La philosophie proprement dite se divise en Logique, Physique et Métaphysique. Elle embrasse dans son ensemble la science de toute existence en tant que telle et des principes de toutes les sciences particulières, par lesquelles, autant qu’il est humainement possible, l’âme qui se consacre à la philosophie atteint la plus haute perfection. Or, l’existence est soit spirituelle, lorsqu’elle est le sujet de la Métaphysique, soit corporelle, lorsqu’elle est traitée en Physique, soit intellectuelle, lorsqu’elle constitue le sujet de la Logique. Les sujets de la Physique ne peuvent exister ni être considérés comme existant sans la Matière. La Métaphysique, au contraire, est entièrement dépourvue de Matière, tandis que la Logique est une abstraction de la Matière. La Logique a une certaine ressemblance avec la Mathématique, dans la mesure où les sujets des Mathématiques peuvent aussi être des abstractions de la Matière. Mais le Mathématique reste toujours représentable et constructible, tandis que le Logique, en tant que tel, n’a son existence que dans l’intellect, comme par exemple Identité, Unité et Pluralité, Universalité et Particularité, Essentialité et Contingence, etc… Par conséquent la Logique [135] est la Science des Formes Déterminées de la Pensée.

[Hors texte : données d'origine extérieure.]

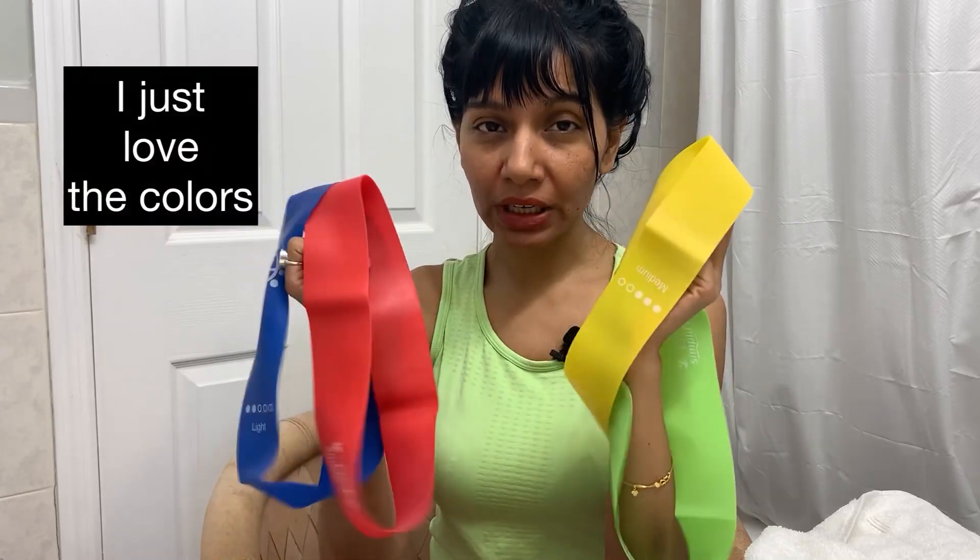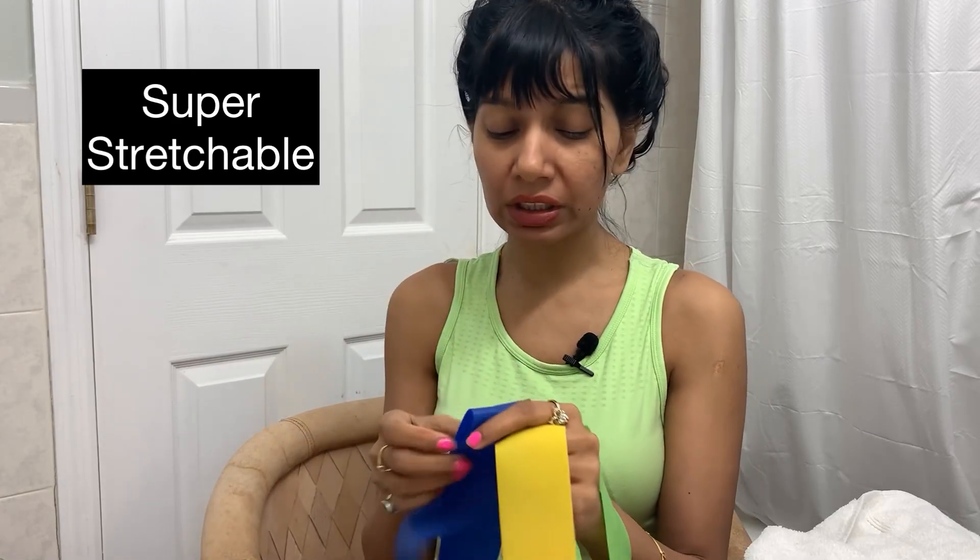Hi guys, today I'm sharing with you these really cute resistance bands workout bands. Aren't they so pretty? I just love these colors. I like the stretchability; the fabric seems soft and not irritating on the skin.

Dans le traitement plus détaillé de son sujet, Ibn Sina se conforme entièrement à la logique de Farabi. Cette concordance nous serait peut-être plus évidente si les travaux logiques de son prédécesseur existaient sous une forme plus complète. Il insiste souvent sur la défectuosité de la constitution intellectuelle de l’homme, qui a un urgent besoin d’une règle logique. De même que le physionomiste déduit des traits extérieurs le caractère de la nature intérieure, de même le logicien est appelé à déduire des prémisses connues ce qui est inconnu. Comme il est facile aux erreurs de l’apparence et du désir de s’insinuer dans un processus de ce genre ! Une lutte avec le Sens est nécessaire pour que la vie de la représentation puisse être élevée à la pure vérité de la Raison, par laquelle toute connaissance d’un genre nécessaire est acquise. L’homme inspiré par Dieu, mais lui seul, peut se passer de la Logique, exactement comme le Bédouin est indépendant d’une Grammaire Arabe.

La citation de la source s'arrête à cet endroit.